╭─ EXCERPTED DATA

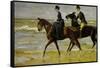 Riders on the Beach, 1903-Max Liebermann-Framed Stretched Canvas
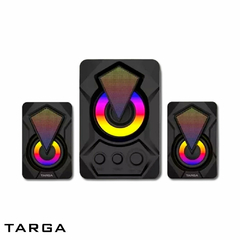 PARLANTES TARGA DIAMOND PRO GAMER USB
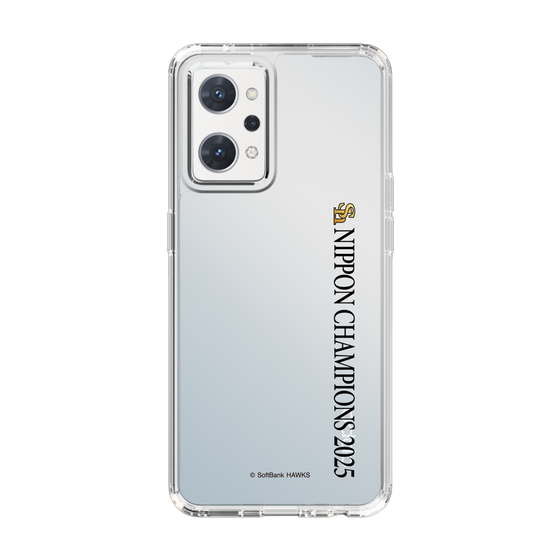 スリムプロテクションケース［ 福岡ソフトバンクホークス - NIPPON CHAMPIONS 2025 ロゴ - 縦ロゴ ］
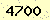 請輸入此驗證碼 : 4700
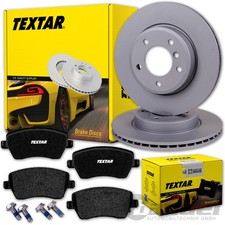 TEXTAR BREMSSCHEIBEN 269mm + BELÄGE VORNE passend für DACIA DUSTER 1 2 HS HM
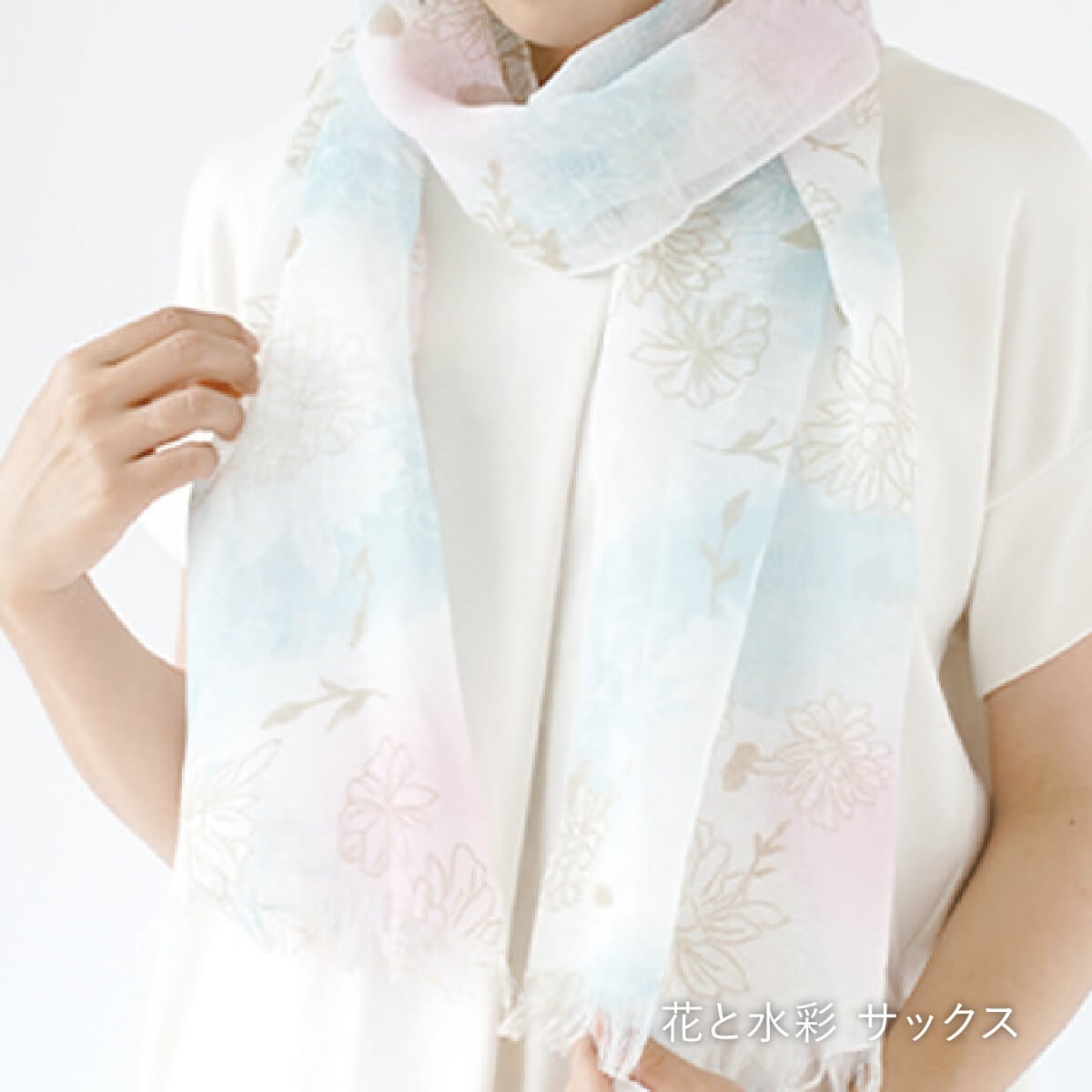 linen チクチクしない麻ストール | DAIGO official shop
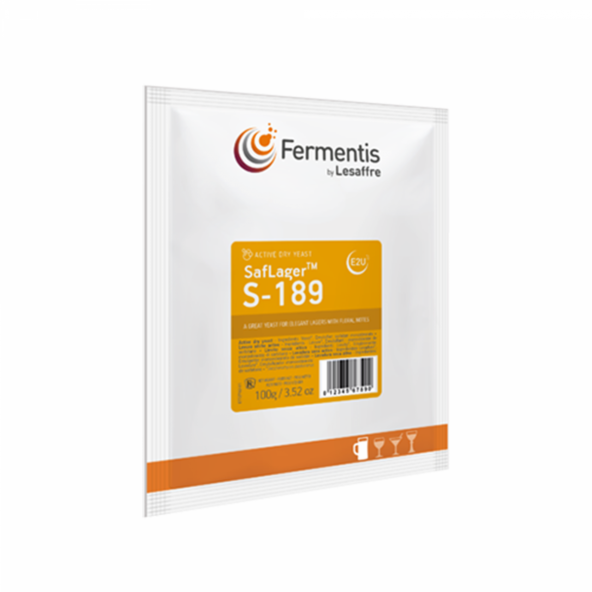Fermentis dried brewing yeast SafLager S-189 100 g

╰─

**TO DO:** Beginning at the line that holds "linen チクチクしない麻ストール | DAIGO official shop" and ending with the last line of the entries, please set down each line exactly, leaving every picture out.

**WRITTEN SOLUTION:**
 linen チクチクしない麻ストール | DAIGO official shop
Fermentis dried brewing yeast SafLager S-189 100 g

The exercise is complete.